If he looked in another direction, he could see the unmade bed in his bedroom, which would remain thus until late at night. It was cold in the two rooms, the only ones that were still lived in; no housekeeper to light the stove; and he himself did so only when company came, and even then often not.

In his sermon he wanted to challenge the Pope, in all seriousness, and that soon warmed him. For not long ago the man in the Vatican, in connection with a war in which enemy soldiers had raped and impregnated women, had called upon the women in question to love these children and bring them into the world and raise them in this spirit. What upset the priest was less the assumption that the women would carry to term these embryos conceived in violence than the command to love them. Could something like love be imposed from without, and furthermore from on high, publicly? To praise love, as the apostle Paul had done once and for all in his epistle to the Corinthians, was one thing; but to declare it a law and proclaim it as such, wasn’t that entirely different? Certainly he could well imagine that one of these women gradually, or more likely suddenly, might be seized (“surprised”? “afflicted”?) by a sort of love for such a fruit of her womb. But first of all, wasn’t that her own business, yes, her secret, and no one on the outside, not even the deputy of God on earth, could presume to approach a human being with a commandment to love. Or at most in private, as priest and pastor, like him, and then not in the form of a commandment but perhaps as a mere possibility, a little pointer.

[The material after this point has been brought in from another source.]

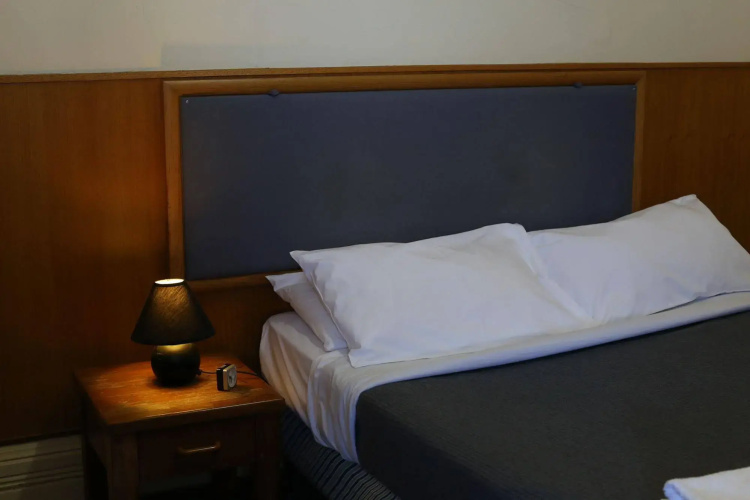 Holiday Lodge Hotel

He, the priest, was angry at his Pope for speaking of something like love in prescriptive terms, and he wanted to express that openly in his sermon (although precisely thereby his outrage would be perceived as part of a game). Wasn’t the love of a violated woman for this alien seed more the stuff of a story, a novella, than of a sermon from the pulpit? To be told only long, long after the event? Or perhaps not even in eternity? Something to keep unspoken, a matter only for the mother herself? And might not such love, in the cases in question, have long since gone silently and fervently to work, only to be desecrated by the papal edict? But was such a love even capable of being desecrated, by no matter what interference?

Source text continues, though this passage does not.